# [Records for processing]
—————
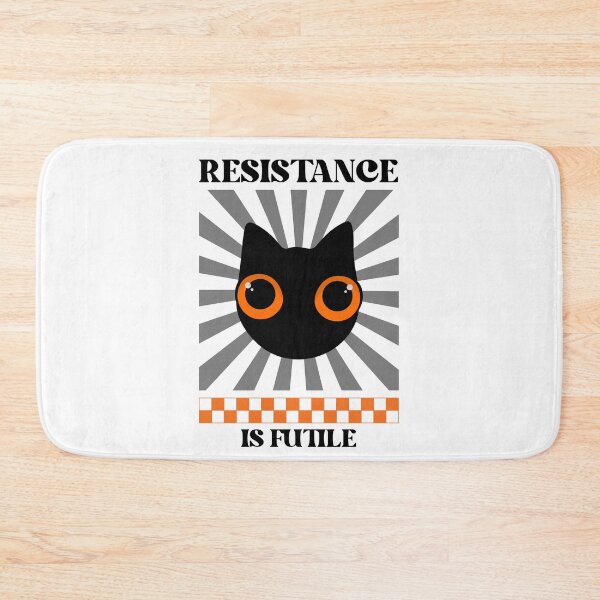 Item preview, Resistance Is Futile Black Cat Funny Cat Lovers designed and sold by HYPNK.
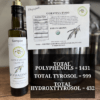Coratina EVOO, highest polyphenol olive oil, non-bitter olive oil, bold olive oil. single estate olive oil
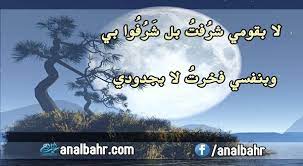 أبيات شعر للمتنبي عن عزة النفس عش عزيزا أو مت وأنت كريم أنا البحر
—————
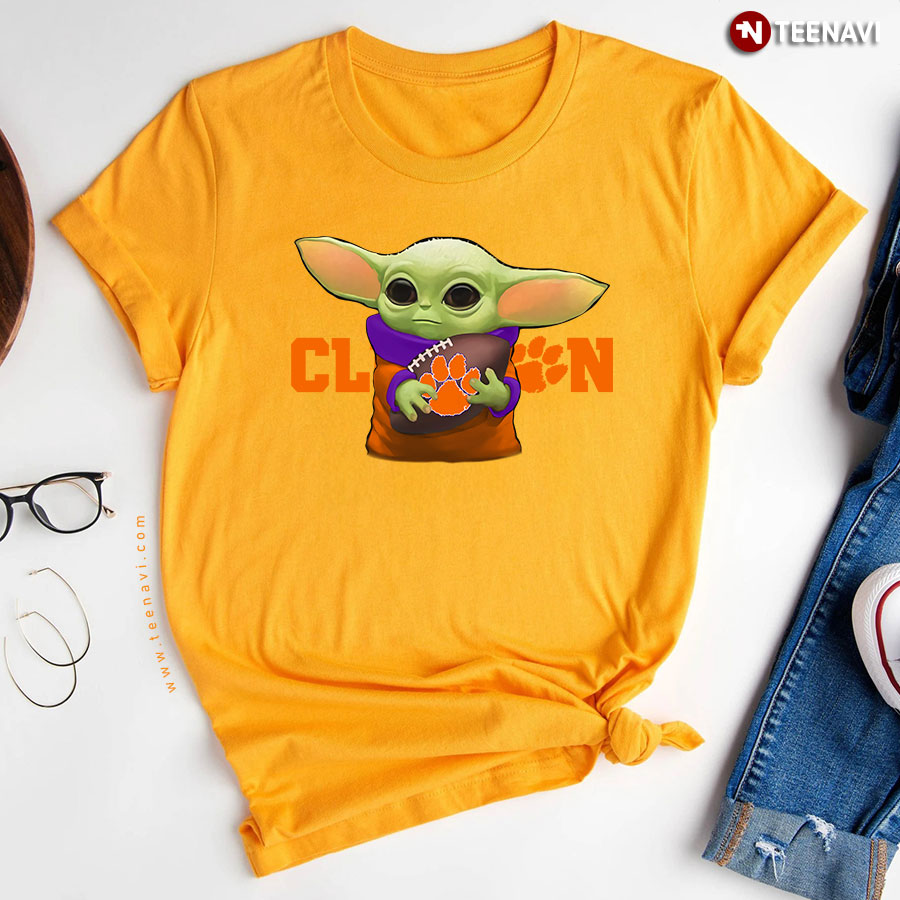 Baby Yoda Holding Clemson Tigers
—————
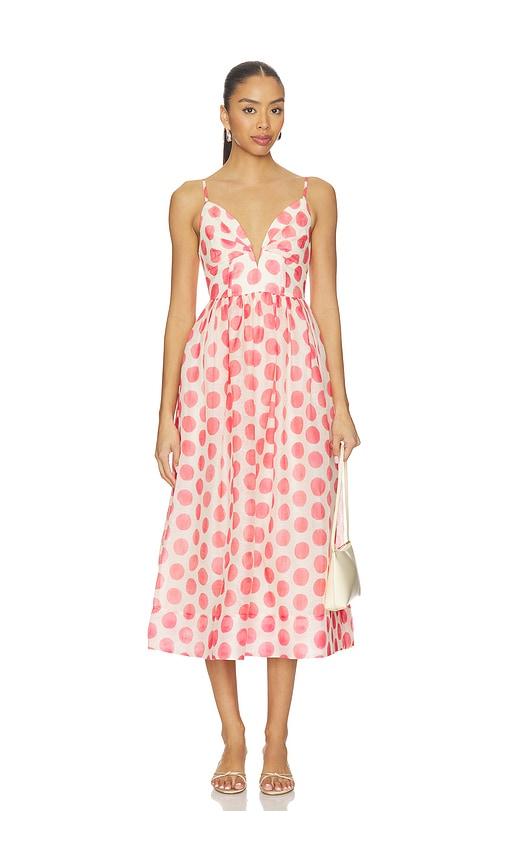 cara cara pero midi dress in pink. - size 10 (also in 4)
—————
# [Exercise goal]
Beginning with the line that contains "Item preview, Resistance", write out the lines of the material above exactly, and end with the line that contains "أبيات شعر للمتنبي". Omit the pictures.

# [Solution for this exercise]
 Item preview, Resistance Is Futile Black Cat Funny Cat Lovers designed and sold by HYPNK.
Coratina EVOO, highest polyphenol olive oil, non-bitter olive oil, bold olive oil. single estate olive oil
 أبيات شعر للمتنبي عن عزة النفس عش عزيزا أو مت وأنت كريم أنا البحر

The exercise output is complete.